Job Summary:
SpaceX is a pioneering aerospace manufacturer and space transport services company, and they are seeking a Sr. Kubernetes Engineer to join their Information Technology Linux Infrastructure team. The role involves providing expertise in Kubernetes design, maintenance, scaling, and optimization to support critical business functions.
Responsibilities:
• Build, install, manage, scale and optimize Kubernetes and RKE clusters using Ansible, Terraform and adjacent technologies in production environments.
• Work closely with other SpaceX engineers to gather requirements, research, evaluate, design, plan, deploy, and support software platforms and related technologies running in Kubernetes within a world-class environment that meets the needs of the demanding SpaceX engineering teams.

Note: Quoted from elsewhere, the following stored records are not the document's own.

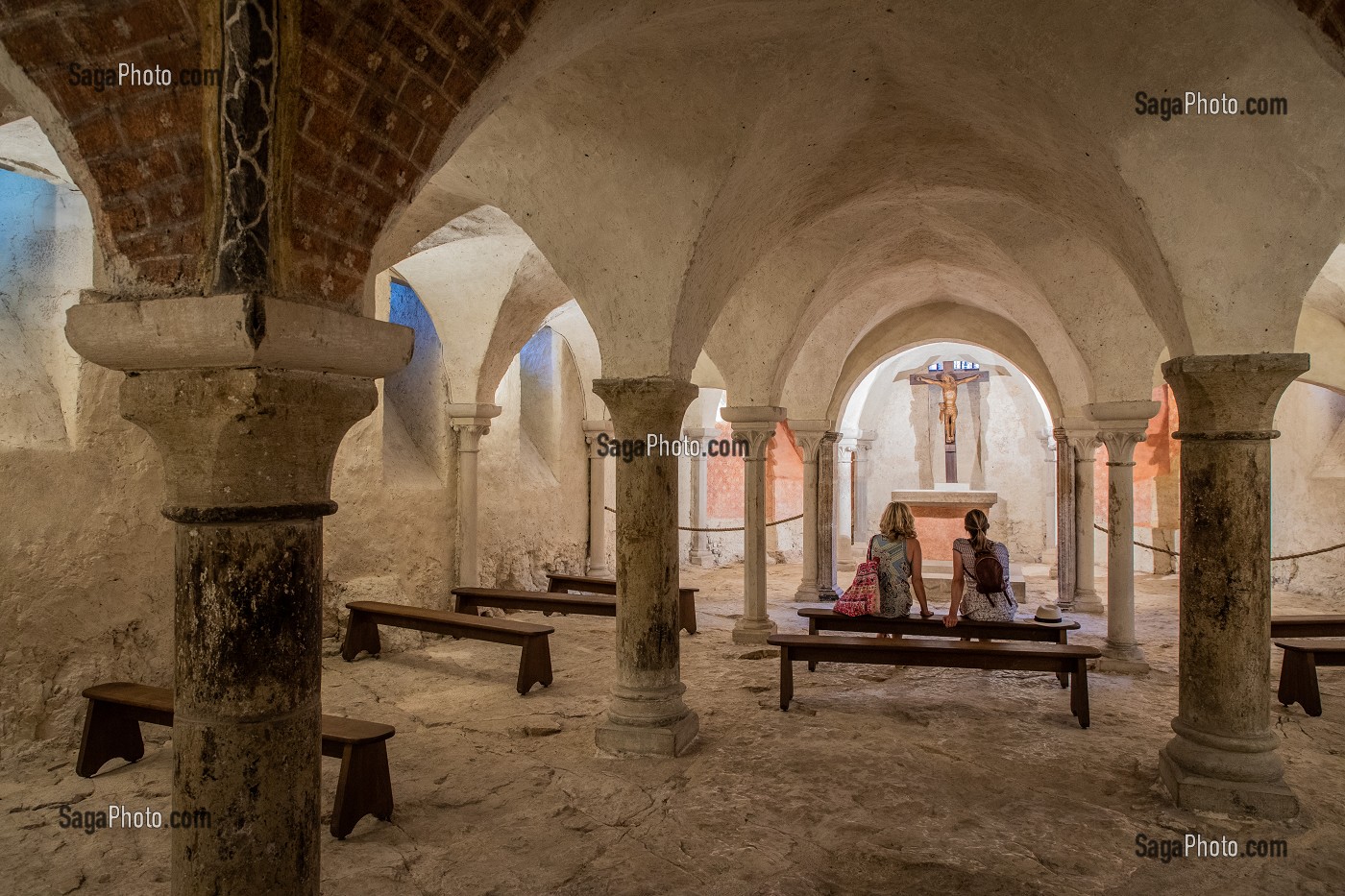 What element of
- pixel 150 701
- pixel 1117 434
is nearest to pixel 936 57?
pixel 1117 434

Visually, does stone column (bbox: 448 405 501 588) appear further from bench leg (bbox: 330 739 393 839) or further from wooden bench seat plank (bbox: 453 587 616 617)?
bench leg (bbox: 330 739 393 839)

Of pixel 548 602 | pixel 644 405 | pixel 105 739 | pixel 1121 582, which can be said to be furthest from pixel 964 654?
pixel 105 739

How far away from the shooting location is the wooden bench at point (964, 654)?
5492 mm

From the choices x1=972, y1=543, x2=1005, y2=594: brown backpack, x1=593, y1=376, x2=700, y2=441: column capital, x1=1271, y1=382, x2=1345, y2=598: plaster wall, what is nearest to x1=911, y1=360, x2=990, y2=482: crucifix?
x1=1271, y1=382, x2=1345, y2=598: plaster wall

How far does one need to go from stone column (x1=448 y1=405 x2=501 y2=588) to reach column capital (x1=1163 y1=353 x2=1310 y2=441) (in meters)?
6.95

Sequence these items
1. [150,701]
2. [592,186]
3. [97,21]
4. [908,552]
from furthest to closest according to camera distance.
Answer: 1. [908,552]
2. [592,186]
3. [150,701]
4. [97,21]

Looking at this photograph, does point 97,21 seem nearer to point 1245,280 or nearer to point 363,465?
point 1245,280

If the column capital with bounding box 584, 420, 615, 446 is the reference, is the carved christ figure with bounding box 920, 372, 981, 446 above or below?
above

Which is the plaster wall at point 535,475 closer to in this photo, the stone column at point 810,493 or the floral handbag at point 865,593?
the stone column at point 810,493

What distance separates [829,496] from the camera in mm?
11461

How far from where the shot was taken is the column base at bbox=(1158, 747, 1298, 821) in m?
4.04

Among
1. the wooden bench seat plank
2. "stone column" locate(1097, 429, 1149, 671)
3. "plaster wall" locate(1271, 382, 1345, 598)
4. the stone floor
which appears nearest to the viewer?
the stone floor

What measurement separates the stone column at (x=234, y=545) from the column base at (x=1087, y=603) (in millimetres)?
9773

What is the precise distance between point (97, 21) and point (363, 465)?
658 cm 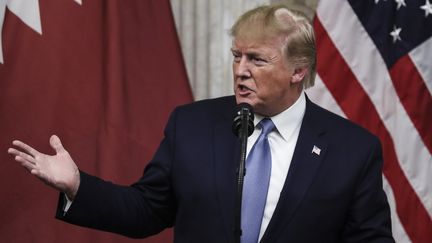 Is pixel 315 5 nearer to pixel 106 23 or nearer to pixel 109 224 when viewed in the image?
pixel 106 23

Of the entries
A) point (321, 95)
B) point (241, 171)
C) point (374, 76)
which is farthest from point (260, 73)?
point (374, 76)

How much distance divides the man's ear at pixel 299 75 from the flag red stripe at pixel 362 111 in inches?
43.6

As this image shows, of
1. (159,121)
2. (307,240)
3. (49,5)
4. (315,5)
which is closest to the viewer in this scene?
(307,240)

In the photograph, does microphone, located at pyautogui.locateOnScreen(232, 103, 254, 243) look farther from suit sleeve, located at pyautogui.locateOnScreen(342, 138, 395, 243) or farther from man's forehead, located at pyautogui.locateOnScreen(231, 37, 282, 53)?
suit sleeve, located at pyautogui.locateOnScreen(342, 138, 395, 243)

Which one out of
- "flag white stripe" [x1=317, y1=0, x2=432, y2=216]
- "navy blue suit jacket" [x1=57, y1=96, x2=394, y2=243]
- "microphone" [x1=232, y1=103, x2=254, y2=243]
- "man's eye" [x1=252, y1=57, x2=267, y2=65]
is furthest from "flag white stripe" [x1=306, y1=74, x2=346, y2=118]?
"microphone" [x1=232, y1=103, x2=254, y2=243]

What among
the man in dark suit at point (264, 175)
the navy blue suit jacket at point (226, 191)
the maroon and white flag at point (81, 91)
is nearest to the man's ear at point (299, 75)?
the man in dark suit at point (264, 175)

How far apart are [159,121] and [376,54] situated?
1.05 meters

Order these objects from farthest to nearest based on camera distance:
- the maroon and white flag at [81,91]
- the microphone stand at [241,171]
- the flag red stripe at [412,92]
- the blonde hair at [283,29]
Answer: the flag red stripe at [412,92], the maroon and white flag at [81,91], the blonde hair at [283,29], the microphone stand at [241,171]

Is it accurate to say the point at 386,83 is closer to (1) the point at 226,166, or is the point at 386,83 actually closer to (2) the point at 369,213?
(2) the point at 369,213

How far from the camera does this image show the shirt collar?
2836 millimetres

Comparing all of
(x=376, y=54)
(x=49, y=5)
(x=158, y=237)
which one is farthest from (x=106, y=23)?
(x=376, y=54)

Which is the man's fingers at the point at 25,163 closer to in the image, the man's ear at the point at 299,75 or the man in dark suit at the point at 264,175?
the man in dark suit at the point at 264,175

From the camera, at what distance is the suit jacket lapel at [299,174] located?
2.68 meters

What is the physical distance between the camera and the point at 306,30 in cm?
286
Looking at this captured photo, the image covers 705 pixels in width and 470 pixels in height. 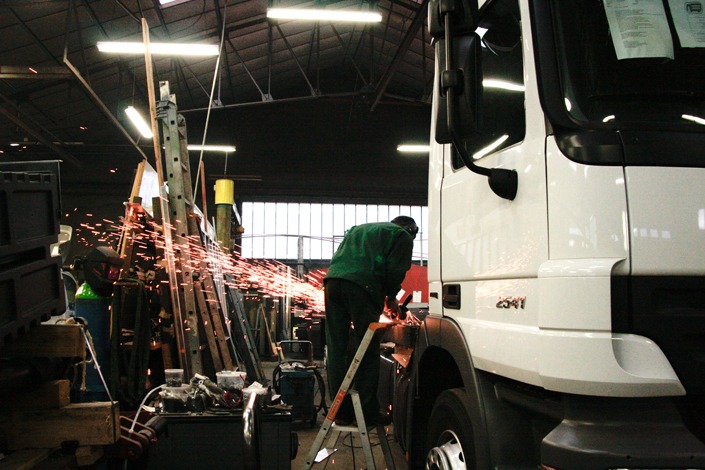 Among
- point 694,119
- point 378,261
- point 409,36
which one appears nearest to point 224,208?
point 378,261

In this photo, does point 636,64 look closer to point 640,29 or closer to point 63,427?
point 640,29

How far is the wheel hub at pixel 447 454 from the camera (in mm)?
2510

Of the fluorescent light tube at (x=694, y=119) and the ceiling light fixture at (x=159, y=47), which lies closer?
the fluorescent light tube at (x=694, y=119)

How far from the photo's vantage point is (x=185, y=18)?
1393 cm

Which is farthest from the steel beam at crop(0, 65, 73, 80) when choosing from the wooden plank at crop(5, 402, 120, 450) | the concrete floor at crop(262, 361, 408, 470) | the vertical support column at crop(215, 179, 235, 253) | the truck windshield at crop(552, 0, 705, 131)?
the truck windshield at crop(552, 0, 705, 131)

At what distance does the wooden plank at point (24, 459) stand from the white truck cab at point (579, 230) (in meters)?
1.58

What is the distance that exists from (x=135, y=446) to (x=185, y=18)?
43.2ft

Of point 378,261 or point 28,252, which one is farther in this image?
point 378,261

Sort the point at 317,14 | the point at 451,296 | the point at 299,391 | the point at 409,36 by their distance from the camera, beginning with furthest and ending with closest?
the point at 409,36, the point at 317,14, the point at 299,391, the point at 451,296

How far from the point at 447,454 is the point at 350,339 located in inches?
85.0

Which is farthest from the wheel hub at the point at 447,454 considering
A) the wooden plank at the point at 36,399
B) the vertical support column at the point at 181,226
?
the vertical support column at the point at 181,226

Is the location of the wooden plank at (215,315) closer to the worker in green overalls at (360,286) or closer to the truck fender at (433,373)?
the worker in green overalls at (360,286)

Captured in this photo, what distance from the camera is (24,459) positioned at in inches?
82.1

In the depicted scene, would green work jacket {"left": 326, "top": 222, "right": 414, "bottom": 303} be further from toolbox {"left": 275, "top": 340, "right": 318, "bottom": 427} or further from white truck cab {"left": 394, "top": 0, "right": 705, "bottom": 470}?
toolbox {"left": 275, "top": 340, "right": 318, "bottom": 427} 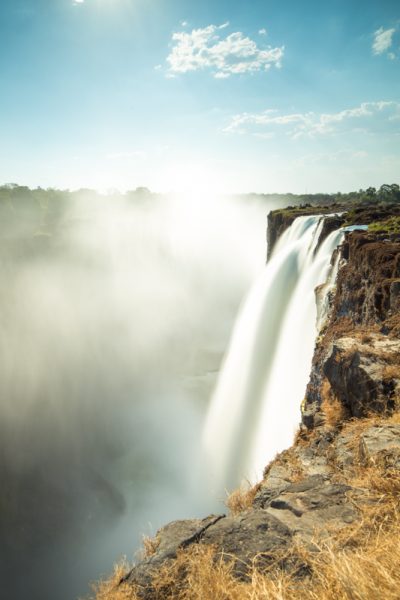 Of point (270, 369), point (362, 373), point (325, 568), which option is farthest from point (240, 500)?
point (270, 369)

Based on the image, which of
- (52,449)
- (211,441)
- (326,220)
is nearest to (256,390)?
(211,441)

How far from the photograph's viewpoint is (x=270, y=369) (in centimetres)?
2027

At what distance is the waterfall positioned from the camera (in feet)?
53.3

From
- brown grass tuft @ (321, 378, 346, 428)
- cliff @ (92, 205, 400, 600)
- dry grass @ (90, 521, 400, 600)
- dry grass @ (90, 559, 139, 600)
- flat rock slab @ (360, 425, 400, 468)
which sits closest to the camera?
dry grass @ (90, 521, 400, 600)

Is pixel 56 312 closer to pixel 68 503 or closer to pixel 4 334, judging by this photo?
pixel 4 334

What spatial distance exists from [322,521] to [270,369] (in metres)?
16.4

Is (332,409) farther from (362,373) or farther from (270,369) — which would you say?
(270,369)

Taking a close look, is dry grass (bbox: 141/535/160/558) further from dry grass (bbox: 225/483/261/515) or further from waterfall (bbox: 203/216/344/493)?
waterfall (bbox: 203/216/344/493)

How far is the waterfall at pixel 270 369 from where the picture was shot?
1625cm

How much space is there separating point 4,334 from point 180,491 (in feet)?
117

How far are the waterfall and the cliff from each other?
269 inches

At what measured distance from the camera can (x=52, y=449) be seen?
30078 mm

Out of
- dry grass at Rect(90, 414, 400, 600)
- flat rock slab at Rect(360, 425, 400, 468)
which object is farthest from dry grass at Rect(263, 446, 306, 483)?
dry grass at Rect(90, 414, 400, 600)

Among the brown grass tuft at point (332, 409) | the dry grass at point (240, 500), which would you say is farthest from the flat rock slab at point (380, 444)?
the dry grass at point (240, 500) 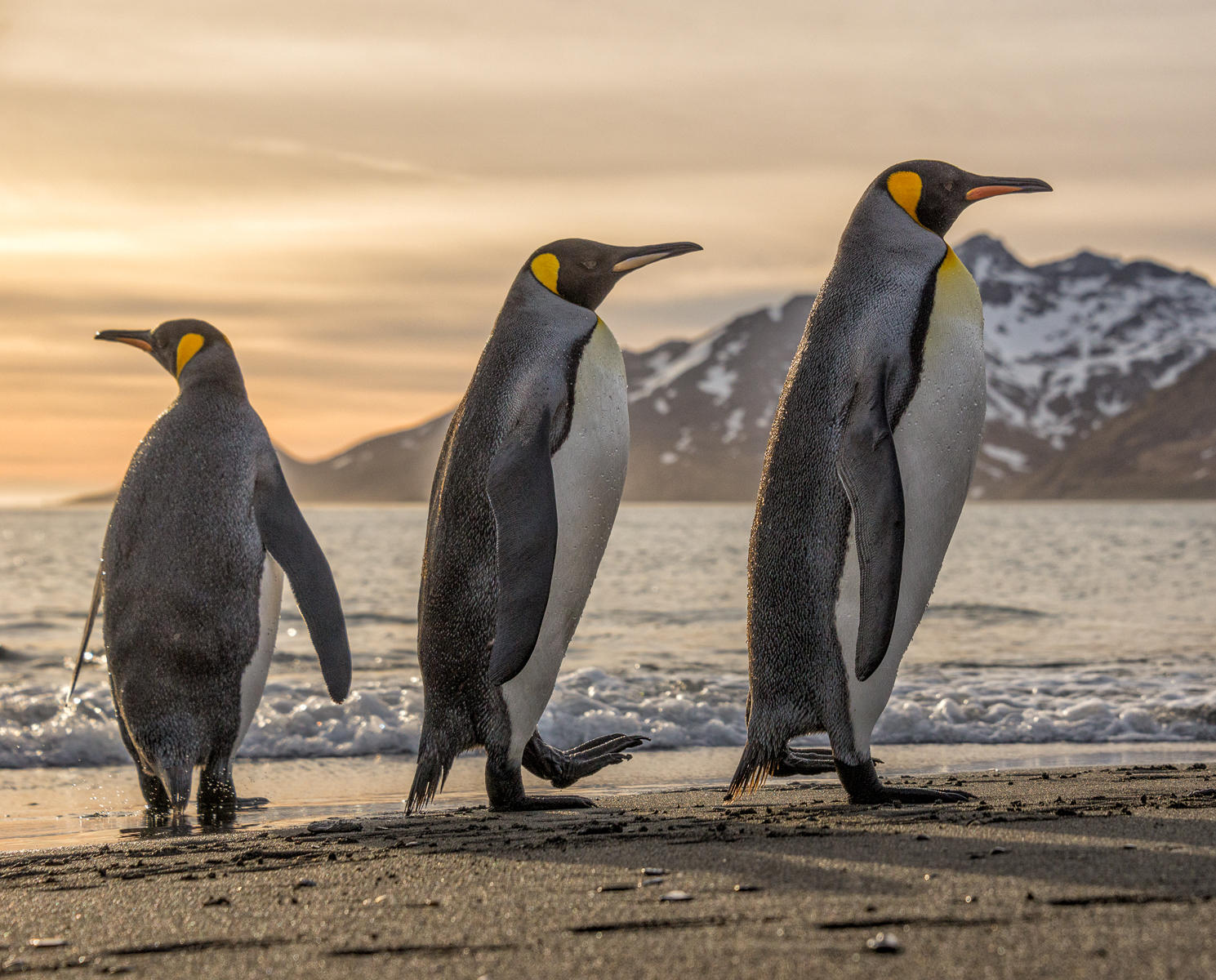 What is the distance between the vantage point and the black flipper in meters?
4.42

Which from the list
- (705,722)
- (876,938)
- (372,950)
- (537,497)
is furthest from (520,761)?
(705,722)

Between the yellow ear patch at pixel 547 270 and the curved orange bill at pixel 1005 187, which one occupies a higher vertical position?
the curved orange bill at pixel 1005 187

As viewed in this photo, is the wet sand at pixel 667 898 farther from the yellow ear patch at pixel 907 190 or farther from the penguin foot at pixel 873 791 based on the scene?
the yellow ear patch at pixel 907 190

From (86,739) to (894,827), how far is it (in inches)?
225

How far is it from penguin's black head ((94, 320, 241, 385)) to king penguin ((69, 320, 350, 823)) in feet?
0.95

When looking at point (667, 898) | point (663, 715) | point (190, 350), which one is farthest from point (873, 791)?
point (663, 715)

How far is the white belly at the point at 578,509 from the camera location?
15.3 ft

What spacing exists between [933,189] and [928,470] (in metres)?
1.03

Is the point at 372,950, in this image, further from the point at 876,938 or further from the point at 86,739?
the point at 86,739

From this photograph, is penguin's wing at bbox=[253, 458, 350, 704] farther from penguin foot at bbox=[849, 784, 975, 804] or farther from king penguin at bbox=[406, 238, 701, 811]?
penguin foot at bbox=[849, 784, 975, 804]

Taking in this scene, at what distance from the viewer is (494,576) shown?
183 inches

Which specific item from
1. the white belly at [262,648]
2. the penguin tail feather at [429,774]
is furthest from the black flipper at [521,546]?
the white belly at [262,648]

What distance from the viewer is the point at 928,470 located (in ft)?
14.4

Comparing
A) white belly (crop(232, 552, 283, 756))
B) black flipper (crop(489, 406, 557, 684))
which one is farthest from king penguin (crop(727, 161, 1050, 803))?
white belly (crop(232, 552, 283, 756)) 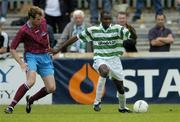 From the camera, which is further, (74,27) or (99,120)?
(74,27)

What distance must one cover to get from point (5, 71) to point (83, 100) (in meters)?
2.01

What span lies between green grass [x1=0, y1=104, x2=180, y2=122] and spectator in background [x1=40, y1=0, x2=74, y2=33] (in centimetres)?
396

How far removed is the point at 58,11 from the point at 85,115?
7.08 metres

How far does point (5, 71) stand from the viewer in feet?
62.9

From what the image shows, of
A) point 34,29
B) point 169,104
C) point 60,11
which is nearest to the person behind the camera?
point 34,29

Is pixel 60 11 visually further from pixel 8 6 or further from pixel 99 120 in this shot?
pixel 99 120

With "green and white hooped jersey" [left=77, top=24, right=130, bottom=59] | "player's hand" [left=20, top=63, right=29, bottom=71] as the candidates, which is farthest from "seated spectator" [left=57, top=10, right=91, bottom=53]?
"player's hand" [left=20, top=63, right=29, bottom=71]

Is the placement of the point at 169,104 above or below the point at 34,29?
below

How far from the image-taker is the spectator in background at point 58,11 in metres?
21.6

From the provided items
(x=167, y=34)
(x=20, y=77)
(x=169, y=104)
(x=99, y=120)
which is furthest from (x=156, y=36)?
(x=99, y=120)

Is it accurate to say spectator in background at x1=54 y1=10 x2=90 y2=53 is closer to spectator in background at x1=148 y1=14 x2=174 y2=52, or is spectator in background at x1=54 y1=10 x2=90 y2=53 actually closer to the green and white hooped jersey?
spectator in background at x1=148 y1=14 x2=174 y2=52

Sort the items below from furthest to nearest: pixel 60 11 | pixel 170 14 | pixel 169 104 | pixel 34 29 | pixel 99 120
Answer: pixel 170 14, pixel 60 11, pixel 169 104, pixel 34 29, pixel 99 120

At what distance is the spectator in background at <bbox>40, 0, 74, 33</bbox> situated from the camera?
21641mm

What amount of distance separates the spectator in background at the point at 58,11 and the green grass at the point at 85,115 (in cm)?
396
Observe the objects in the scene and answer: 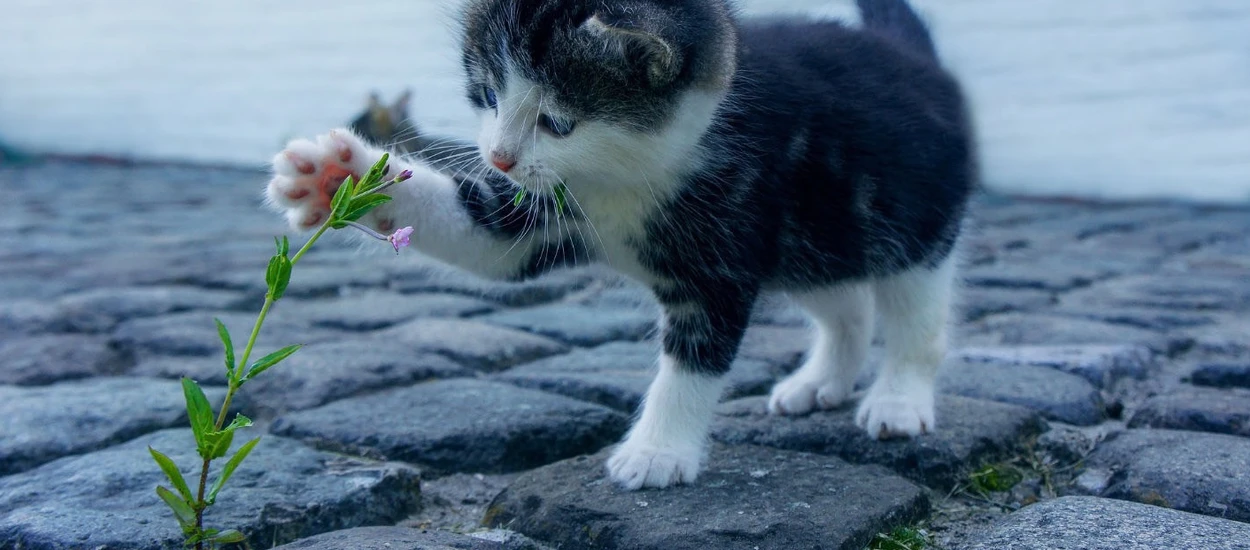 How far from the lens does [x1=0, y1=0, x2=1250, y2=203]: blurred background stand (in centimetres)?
668

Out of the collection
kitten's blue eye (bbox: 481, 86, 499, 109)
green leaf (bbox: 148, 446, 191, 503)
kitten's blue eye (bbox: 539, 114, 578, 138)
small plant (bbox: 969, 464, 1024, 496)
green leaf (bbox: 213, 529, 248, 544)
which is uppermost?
kitten's blue eye (bbox: 481, 86, 499, 109)

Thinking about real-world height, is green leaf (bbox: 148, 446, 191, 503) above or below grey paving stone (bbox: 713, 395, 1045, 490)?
above

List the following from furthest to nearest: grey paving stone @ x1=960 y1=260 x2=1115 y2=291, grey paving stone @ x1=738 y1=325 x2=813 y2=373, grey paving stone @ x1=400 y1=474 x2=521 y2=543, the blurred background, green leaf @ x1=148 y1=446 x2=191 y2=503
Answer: the blurred background
grey paving stone @ x1=960 y1=260 x2=1115 y2=291
grey paving stone @ x1=738 y1=325 x2=813 y2=373
grey paving stone @ x1=400 y1=474 x2=521 y2=543
green leaf @ x1=148 y1=446 x2=191 y2=503

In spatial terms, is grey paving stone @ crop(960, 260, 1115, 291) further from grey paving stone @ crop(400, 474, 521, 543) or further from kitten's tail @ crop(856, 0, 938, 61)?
grey paving stone @ crop(400, 474, 521, 543)

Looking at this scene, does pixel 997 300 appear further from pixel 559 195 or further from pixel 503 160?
pixel 503 160

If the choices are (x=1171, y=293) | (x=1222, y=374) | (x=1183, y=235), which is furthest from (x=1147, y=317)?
(x=1183, y=235)

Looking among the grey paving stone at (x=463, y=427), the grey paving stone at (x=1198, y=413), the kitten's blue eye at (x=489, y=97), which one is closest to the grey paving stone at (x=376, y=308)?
the grey paving stone at (x=463, y=427)

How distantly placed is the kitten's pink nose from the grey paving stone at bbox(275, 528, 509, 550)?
0.59 meters

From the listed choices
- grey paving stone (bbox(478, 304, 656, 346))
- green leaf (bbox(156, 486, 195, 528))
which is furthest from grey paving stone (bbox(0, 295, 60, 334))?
green leaf (bbox(156, 486, 195, 528))

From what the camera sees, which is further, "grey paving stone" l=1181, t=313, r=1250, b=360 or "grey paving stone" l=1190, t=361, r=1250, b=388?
"grey paving stone" l=1181, t=313, r=1250, b=360

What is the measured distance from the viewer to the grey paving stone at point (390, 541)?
1.50 metres

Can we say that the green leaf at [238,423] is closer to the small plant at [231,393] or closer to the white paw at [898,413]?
the small plant at [231,393]

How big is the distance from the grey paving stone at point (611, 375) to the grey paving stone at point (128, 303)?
1282 millimetres

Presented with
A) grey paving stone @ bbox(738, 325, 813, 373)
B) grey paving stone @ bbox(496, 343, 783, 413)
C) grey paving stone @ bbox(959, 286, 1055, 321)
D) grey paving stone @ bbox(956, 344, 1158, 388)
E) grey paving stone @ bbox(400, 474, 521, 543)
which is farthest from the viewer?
grey paving stone @ bbox(959, 286, 1055, 321) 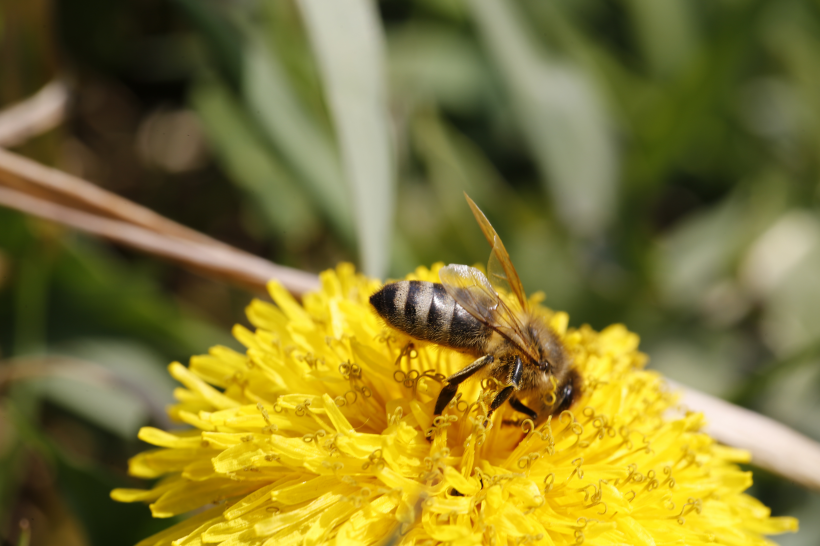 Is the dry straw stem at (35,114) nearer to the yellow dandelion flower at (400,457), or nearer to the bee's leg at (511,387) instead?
the yellow dandelion flower at (400,457)

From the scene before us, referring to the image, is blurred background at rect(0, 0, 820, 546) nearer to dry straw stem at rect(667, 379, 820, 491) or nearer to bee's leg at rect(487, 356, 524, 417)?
dry straw stem at rect(667, 379, 820, 491)

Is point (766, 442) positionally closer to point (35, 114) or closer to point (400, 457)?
point (400, 457)

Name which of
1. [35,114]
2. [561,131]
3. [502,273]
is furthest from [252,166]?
[502,273]

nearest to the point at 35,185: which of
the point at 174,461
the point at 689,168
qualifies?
the point at 174,461

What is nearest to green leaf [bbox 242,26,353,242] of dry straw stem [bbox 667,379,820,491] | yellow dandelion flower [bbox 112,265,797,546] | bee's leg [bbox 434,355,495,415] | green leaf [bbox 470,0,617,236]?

Build highly resilient, high-performance, scalable, and robust systems.
• Exercise a high degree of personal responsibility for the processes, systems, and tools you create and manage; all supporting the goal of making humanity an interplanetary species.
• Make recommendations, justify, and implement improvements using an accepted change control methodology.
• Work within a diverse group to design and deliver creative solutions and resolve problems in a timely and proactive manner by interacting with internal business units.
• Define, document and follow standards and best practices for systems design, testing, and implementation.
• Foster an environment of collaboration and cross-training, upskilling the team in Kubernetes expertise and ensuring peers are developed into capable engineers.
• Drive scripting, self-service and automation to develop solutions to reduce administrative overhead and TOIL.
• Participate in on-call rotation to handle urgent after-hours work when necessary.
Qualifications:
Required:
• Bachelor’s degree in Computer Science or a STEM discipline and 5+ years of systems engineering experience; OR 7+ years of systems engineering experience in lieu of a degree.
• Experience deploying and supporting Linux servers in physical and virtualized environments (e.g. VMware via automation).
• Experience with the Linux shell as well as configuring and extending Linux instances (e.g. kernel modules, cgroups, pki, iptables, interfaces).
• Experience supporting and scaling containerized applications in Linux environments.
• Experience using automation frameworks (e.g. Ansible, Terraform) to manage provisioning and post-provisioning lifecycles of infrastructure and Kubernetes installations.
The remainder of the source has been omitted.